Book + Beverage: Craig Childs’ Night-Sky Quest Meets a Local Agave Sip

THE BOOK

The Wild Dark: Finding the Night Sky in the Age of Light
By Craig Childs


Bestselling author Craig Childs lives off-grid in Western Colorado. His newest book delves into the diminishing darkness of our night skies, exploring human history of gazing skyward and finding meaning — not to mention beauty.

Yet today, because of light pollution, only 20% of people on Earth can see the Milky Way.

Childs delivers a dazzlingly tragic image of ourselves — a people so in love with light we’re killing the dark.

Childs reminds us that all living beings exhibit positive phototaxis, the natural movement of an organism toward light. 

”Everything from lizards to insects to plants to manta rays to plankton to humans are drawn to the light,” he says. “Birds wheel toward any city, spinning over spotlights and street lamps as if the maps in their almond-sized brains can’t stop saying, turn left, turn left, turn left.” 

This kind of imagistic writing that has me returning to Childs’ books. These are campfire stories — infused with flesh and blood language sparking against the night. It’s science writing at its best.

Especially keen is his olfactory perceptions. One day the air "smells like cold herbarium,” another like “a freshly minted coin.” Old cow dung smells like “burning grass,” fallen leaves like “rotting citrus” and a hot can of beer smells like "the underside of a hay pile.” 

Language-loving poets, wildlife adventurers, scientists and nature lovers of all kinds are drawn to Childs’ books. We know we won’t get detached reportage, but a living, breathing science. 

“Light is hungry and has to be told to stop,” Childs tells us. 

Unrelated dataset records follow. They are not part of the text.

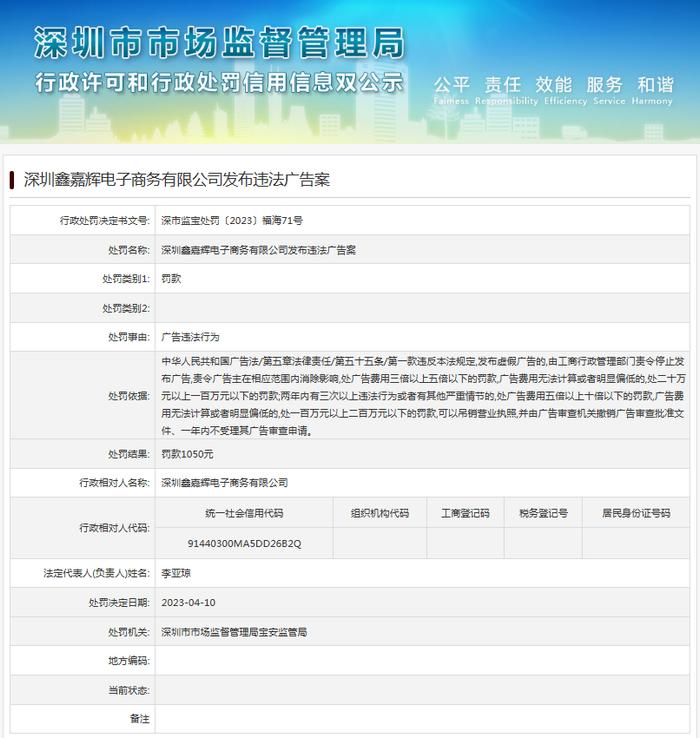 发布违法广告  深圳鑫嘉辉电子商务有限公司被罚款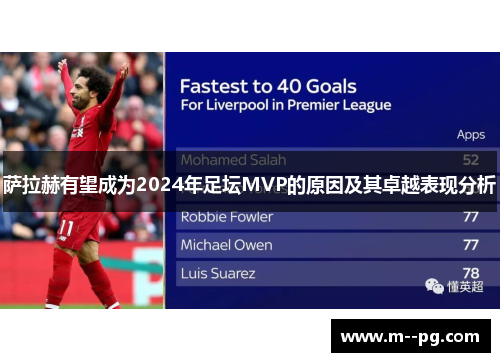 萨拉赫有望成为2024年足坛MVP的原因及其卓越表现分析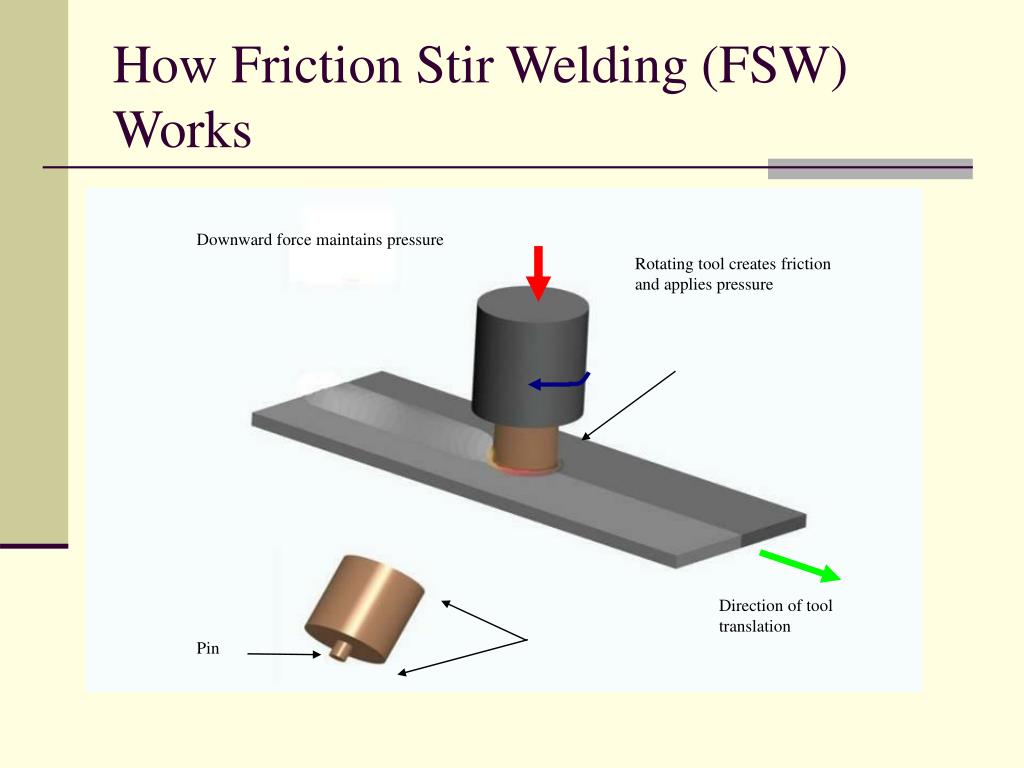 friction stir welding ppt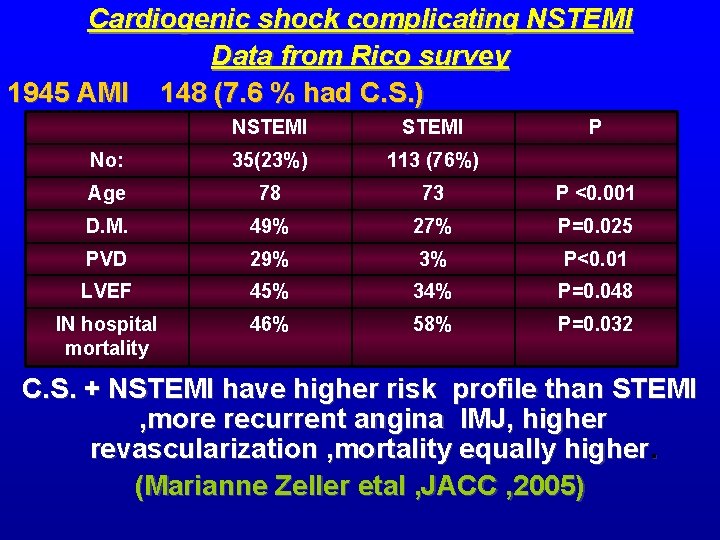 Cardiogenic shock complicating NSTEMI Data from Rico survey 1945 AMI 148 (7. 6 % Cardiogenic shock complicating NSTEMI Data from Rico survey 1945 AMI 148 (7. 6 %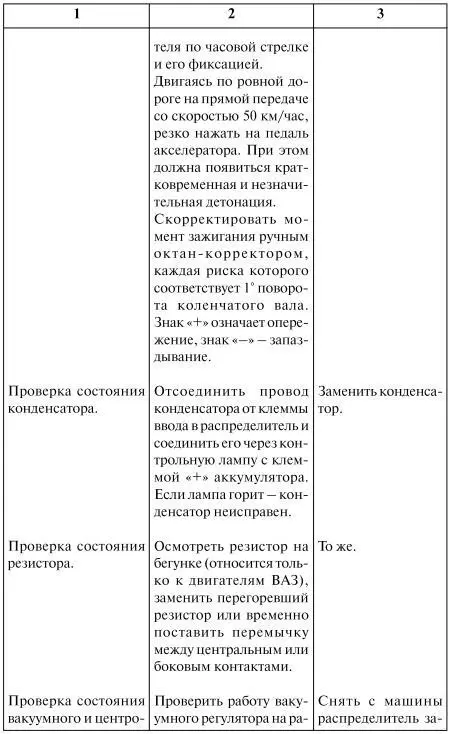 Как продлить жизнь своего автомобиля - фото 23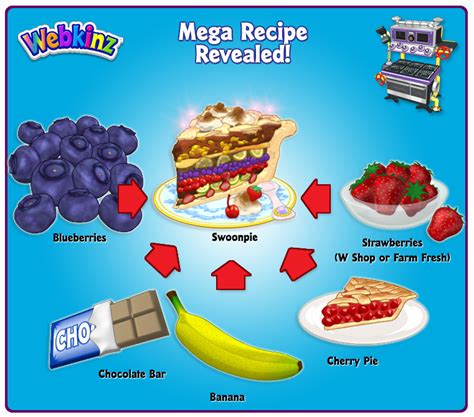 Winterfest Recipe Contest Winners | WKN: Webkinz Newz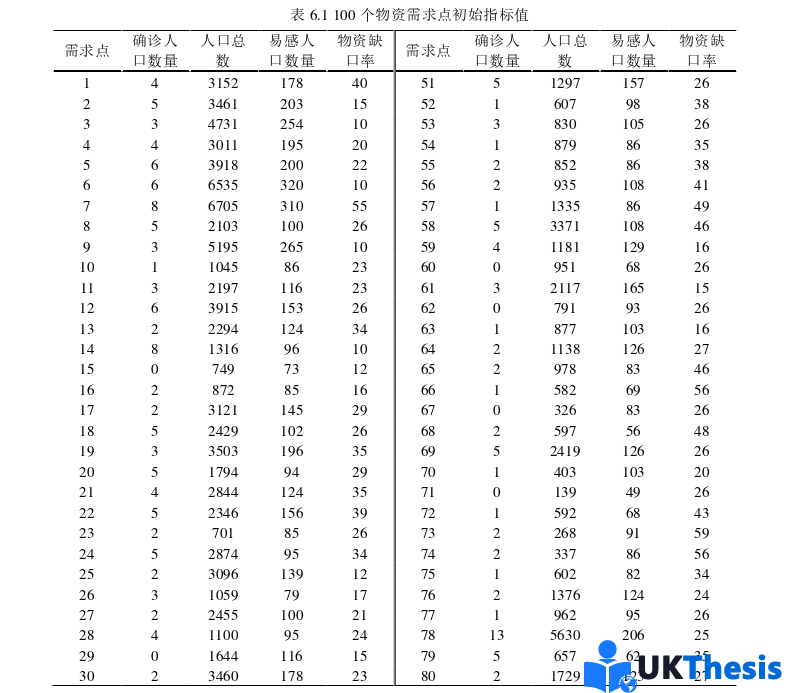 物流論文參考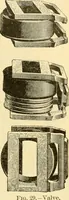 Picture 407 of 1321 from Modern mechanism, exhibiting the latest progress in machines, motors, and the transmission of power, being a supplementary volume to Appletons' cyclopaedia of applied mechanics (1892), leaf 328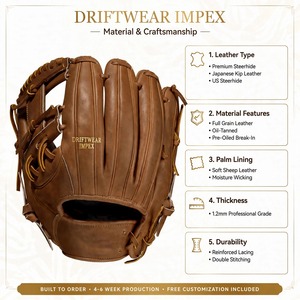 Gant de baseball professionnel personnalisé |   Gant de baseball en cuir véritable |   Fabricant de gants de baseball avec logo personnalisé au Pakistan - Product Image 5
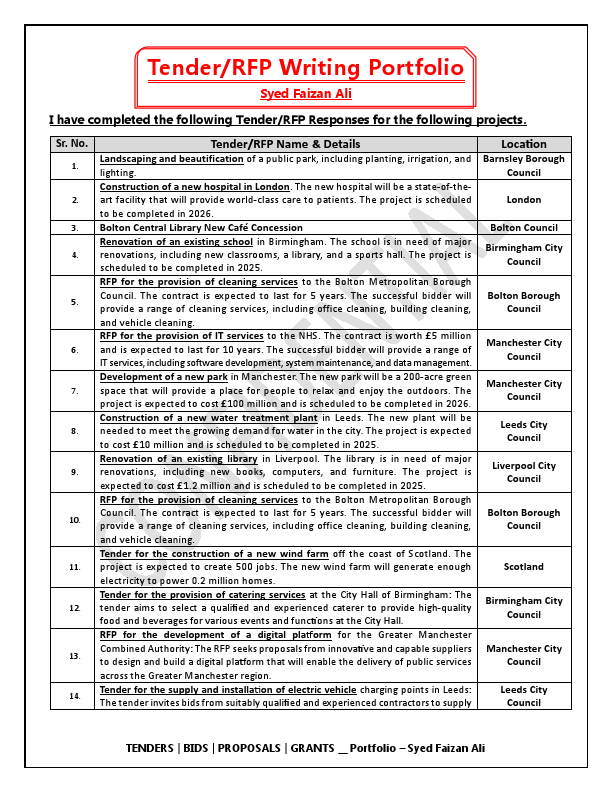 1 Tender_RFP_ Portfolio__Syed_ Faizan_Ali.pdf
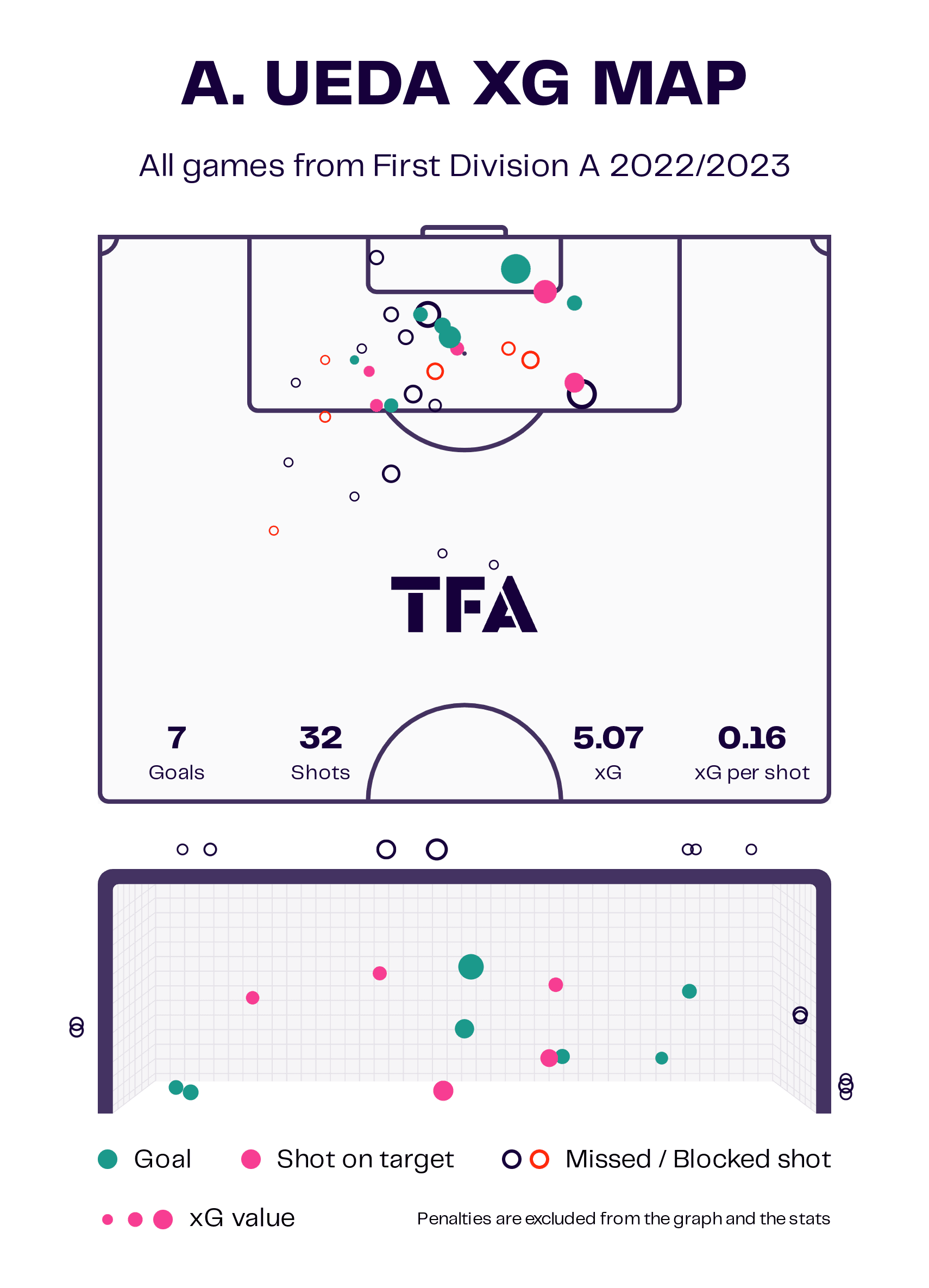 2022 FIFA World Cup: Five players to watch from the Belgian Pro League - tactical analysis tactics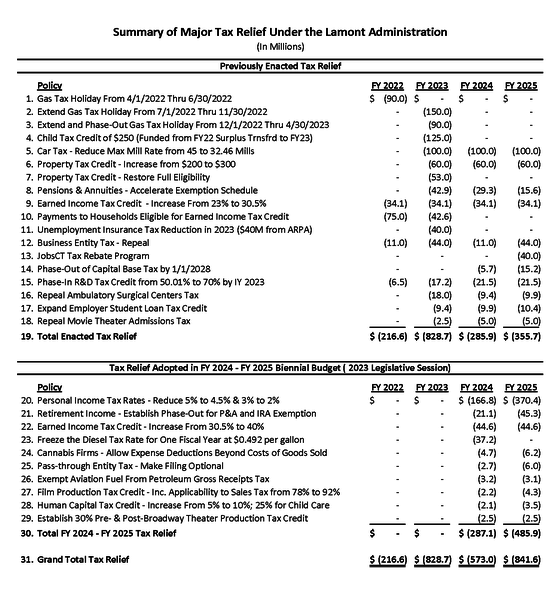 Summary of Major Tax Relief Under the Lamont Administration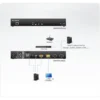 ATEN KN1000 KVM switch Black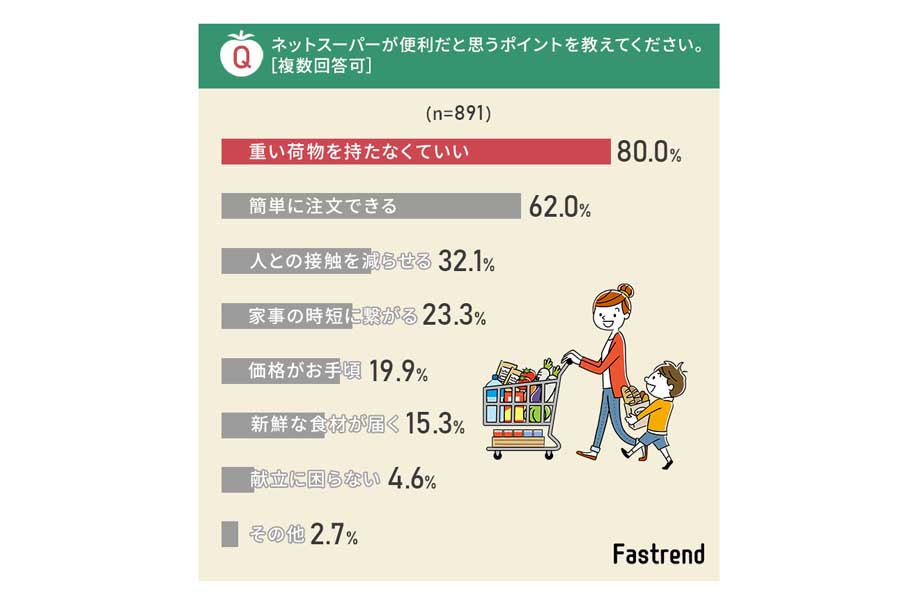 全国の男女3000人を対象に行った「ネットスーパーに関するアンケート」調査（画像：NEXER）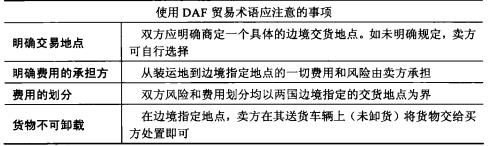 国际贸易术语费用和风险责任义务清晰简明一览表值得收藏随时查用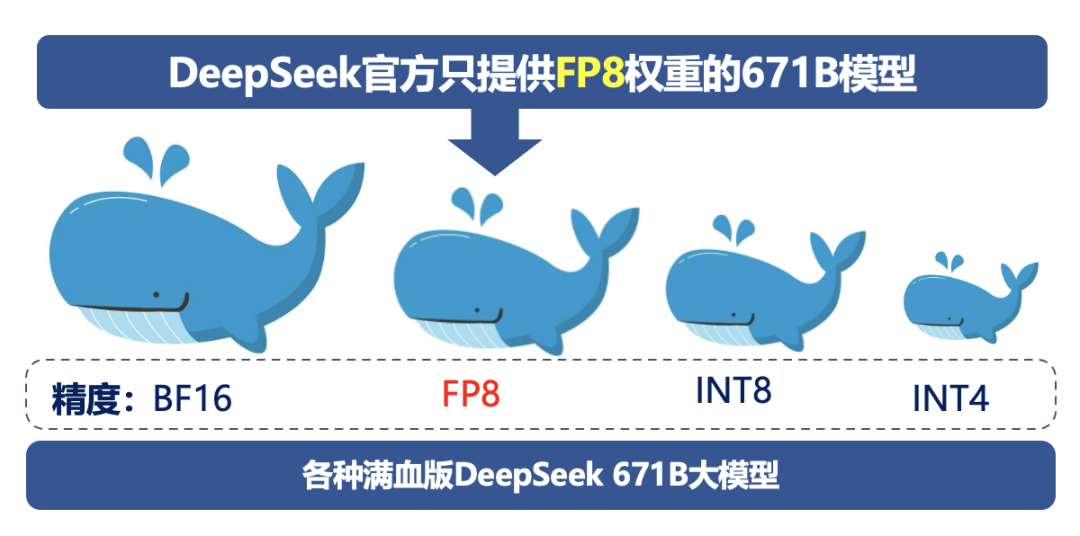 买一体机≠智能化,企业级AI落地如何不交智商税?万字洞察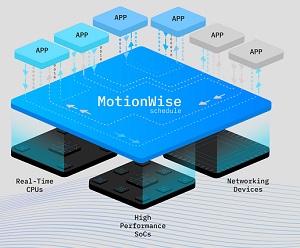 블랙베리 QNX 및 티티테크오토, QNX 8 위한 새로운 MotionWise스케줄링솔루션 발표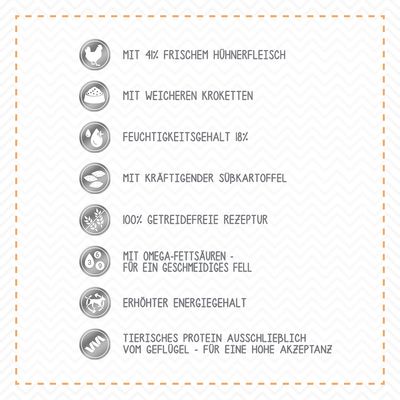 Little Wolf of Wilderness Soft Wide Acres s svježom piletinom i batatom, za snažne pse, 100% receptura bez žitarica, 12 kg.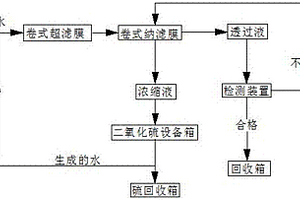 含硫化氫廢水的凈化方法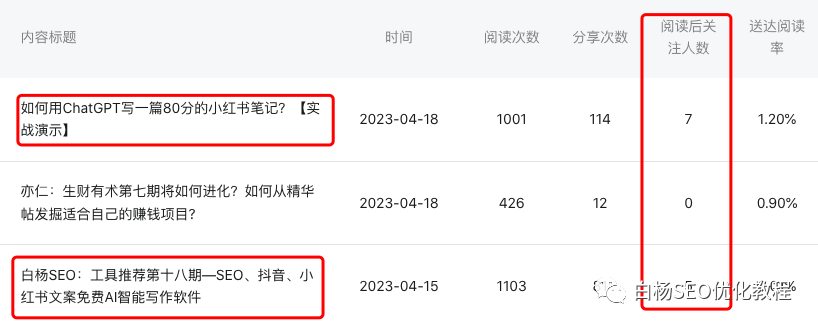 公众号的涨粉密码|白杨GPTSEO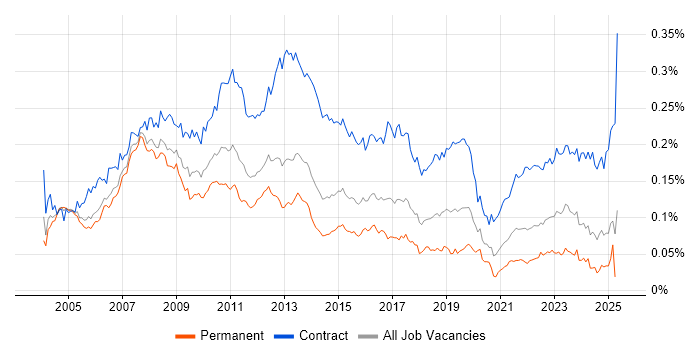 Job vacancy trend for SAP Project Manager in England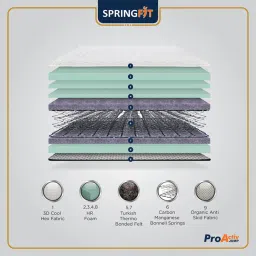 springfit ProActiv Jump 8 inch Bonnell Spring King Size Mattress image 2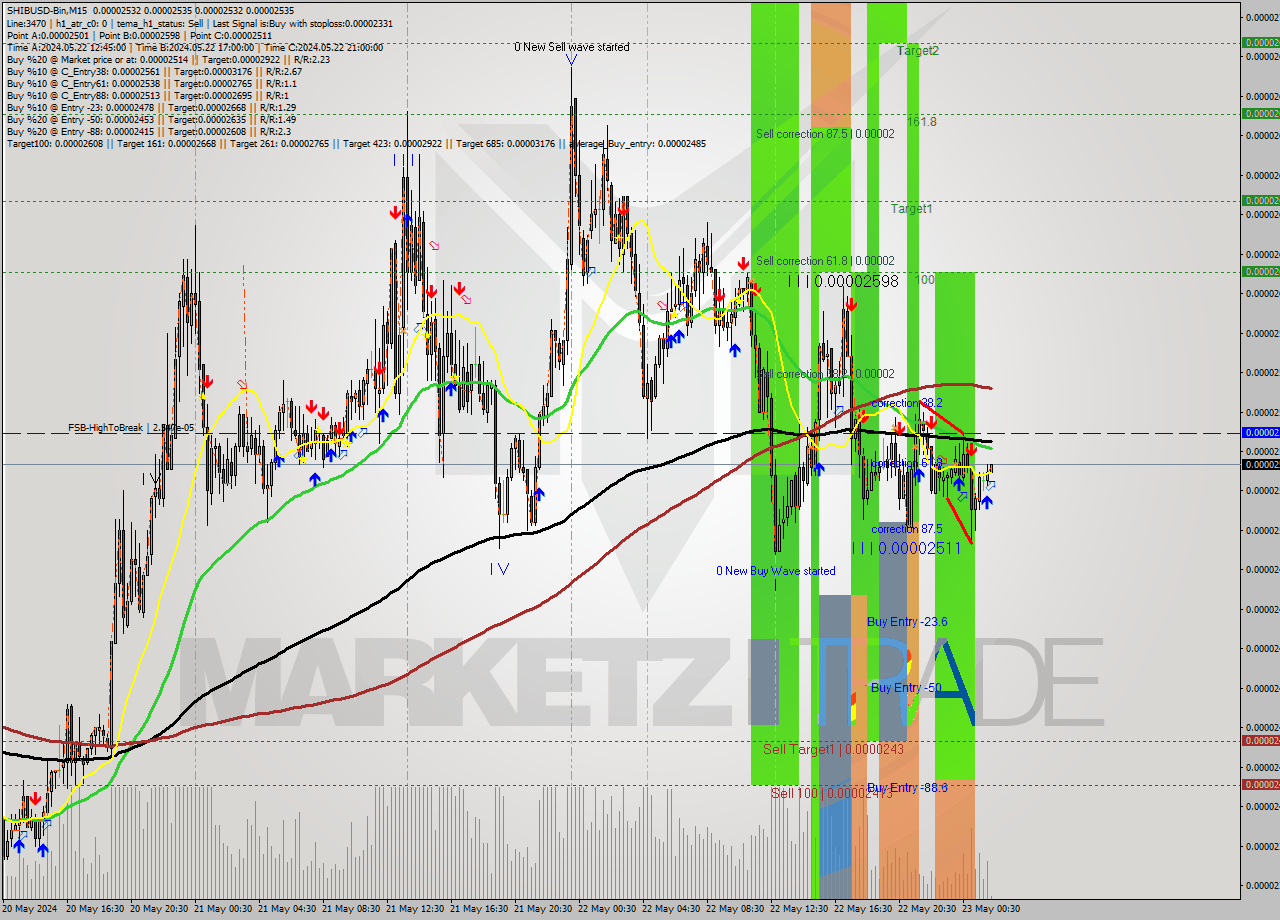 SHIBUSD-Bin M15 Signal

Equipped with a hand-held device which measures ambient light from the night sky, Childs travels from Vegas to the depths of the desert. The idea is to go from a Bortle 9 to a Bortle 1 reading on the scale. To travel this distance by car would take a mere few hours, which would defeat the purpose of measuring gradual darkness, so Childs and his companion ride bicycles from the Strip to the heart of the desert, a grueling journey of about eight days. 

We’re also taken backward in time — to the Desert Archaic cultures to the people of the Pleistocene to a contemporary homeless guy on a back road to the dried-out shell of a desert tortoise — all of whom have lived under the same skies. The night sky, Childs tell us, is a birthright. 

It’s a journey well worth taking and one brimming with hope. One of the researchers Childs interviews tells him, “Unlike many environmental dilemmas we face … the problem of artificial light is a relatively simple fix. It is a pollution that vanishes with the flip of a switch.” 

At the heart of this rich and surprising book is a way forward, a reminder of our shared humanity, the pleasure of the well-turned phrase — and a mirror as big as the moon.

THE BEVERAGE

Telluride Distilling Agave

Craig Childs himself recommends pairing The Wild Dark with a potent glass of tequila.

We recommend Telluride Distillery’s Agave, perfect as a sipper and delightful as a mixer. Sourced from a raw, organic agave from Jalisco, Mexico, terpenes are added for flavor and aroma. The distillers boast their tequila is aged in medium char oak, producing a slightly sweet, herbaceous flavor.